China bear Pettis says world coming around to his view
Few mainstream economists have been quite as downbeat on China as Peking University professor and noted China watcher Michael Pettis. Pettis has long held that the world’s No. 2 economy will grow at a maximum of 3.5 percent a year for the rest of the decade, well below a consensus call that appears to have settled into the 5-7 percent range. “And honestly, I think if I’m wrong, it will be to the downside rather than the upside,” he told Reuters.
Lately, though, Pettis says that many people inside China and in some of the countries whose fortunes are tightly tied to its economy are starting to come around to his point of view. At a recent lunch with visiting European Union officials, Pettis said the mood among the attending Chinese economists, academics, think-tankers and policy advisors was universally gloomy. “I’m used to being the most pessimistic guy in the room, but in this case, they were much worse than I.”
Pettis says that’s because the Chinese understand, far better than the average Western investor or economist, just how tough it’s going to be to rebalance from investment to consumption and shift wealth from the state to Chinese households.
There are many ways China can rebalance, but none is without difficulty. A steady, gradual rise in the exchange rate, interest rates and wages would help enrich households and wean exporters off their generous state subsidies but could also stoke inflation. Moving more swiftly could sink the economy as exporters go out of business and people lose their jobs.
Mass privatization, Pettis said, would help revitalize the economy but would likely face stiff political resistance.
How about having the state take over private sector debt, keeping companies humming along and people employed? Pettis points to Japan, which followed that route in the 1990s and today faces a crushing public debt burden at 200 percent of GDP.
When people ask me if China will have a hard landing or a soft landing, I find that whole discussion useless. What I think we’ll have is a long, bumpy landing. If growth rates slow too much, they will step on the credit accelerator. But then they’ll get the wrong kind of growth and they’ll apply constraints to slow it down again. So my guess is we’ll get this very jagged growth, with the peaks lower each time and the troughs lower each time. I don’t expect it to be a straight line.
That more and more policy advisors and officials are aware of these risks is encouraging, Pettis says, and bodes well for Beijing’s ability to steer the ship of state through the rapids ahead without taking on too much water.
Now if only overseas investors would take note. As Societe Generale’s Dylan Grice noted last week, readers in Australia, known locally as “the quarry in China’s backyard,” can rush to their nearest bookstore and pick up a copy of “The Australian Moment,” which details the “miracle economy” down under and why Australia “is made for these times.”
Sure, Australia’s done very well supplying things like iron ore and coal to a Chinese economy that had been growing at double-digit rates, but as Grice says, “to the extent it’s been driven by the commodity bull market, shouldn’t it be in the ‘lucky windfall’ category rather than the ‘sustainable wealth creation’ one?”

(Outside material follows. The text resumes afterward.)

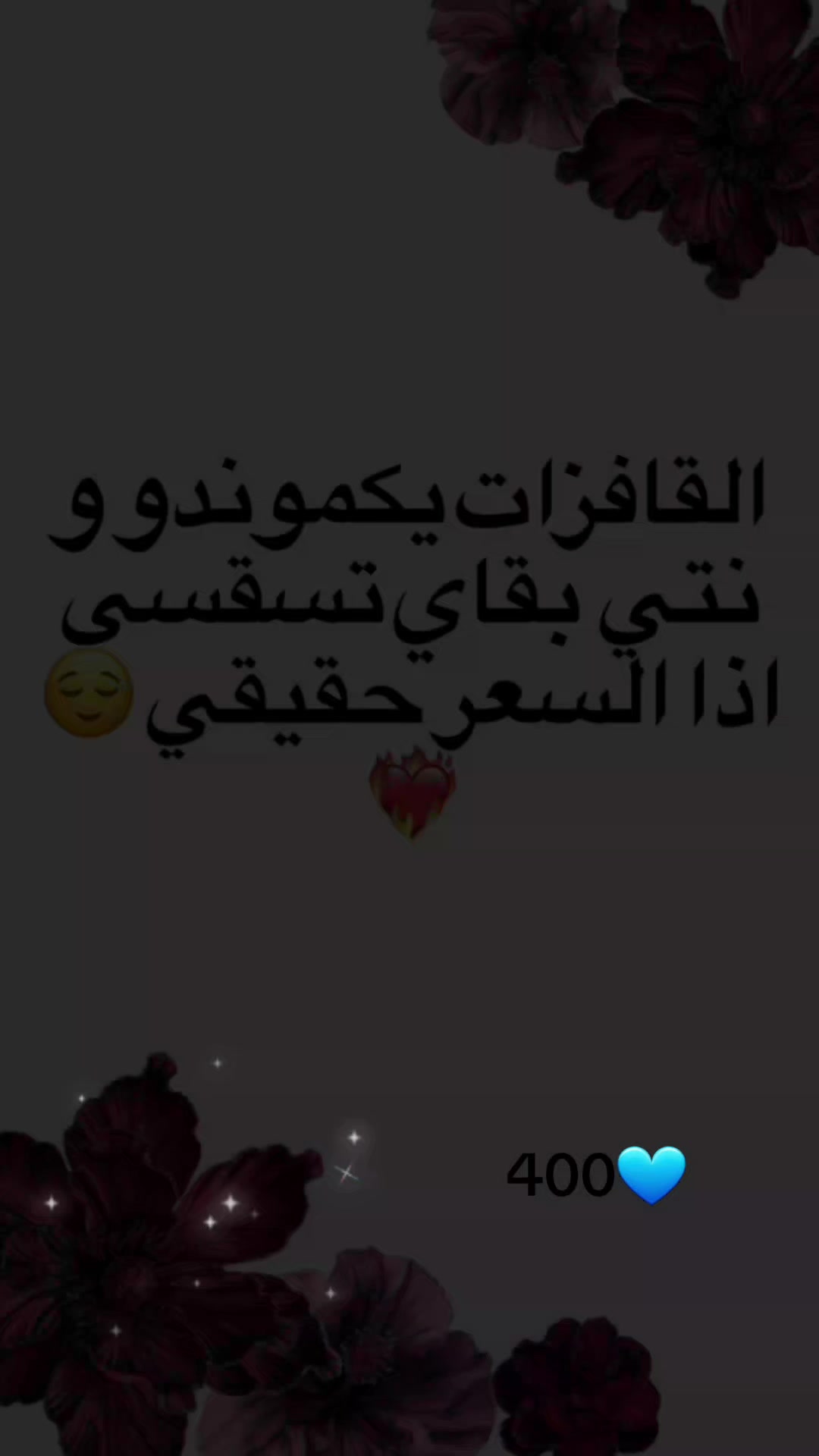 @Nour-collection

As far as I’ve been able to tell, miracle economies don’t live up to their billing. Japan didn’t. Thailand didn’t. Ireland didn’t… Australia has five of the world’s 15 most expensive cities (on a median price to median income ratio), has seen household debt levels explode in recent decades and even has a current account deficit despite the windfall terms of trade improvement caused by the commodity bull market. This is not a robust base from which to weather a Chinese hard landing, if and when it comes.
But if the Reserve Bank of Australia’s aggressive 50-basis-point interest rate cut this week is any indication, policymakers are taking a longer view.
Karl Schamotta, who helps corporations hedge their foreign currency risk in his role as senior strategist at Western Union Business Solutions, is recommending his clients do the same. “We recommend they up their hedge ratios in places with close links to China – Australia, Canada, Brazil. We’re trying to inject some caution there.”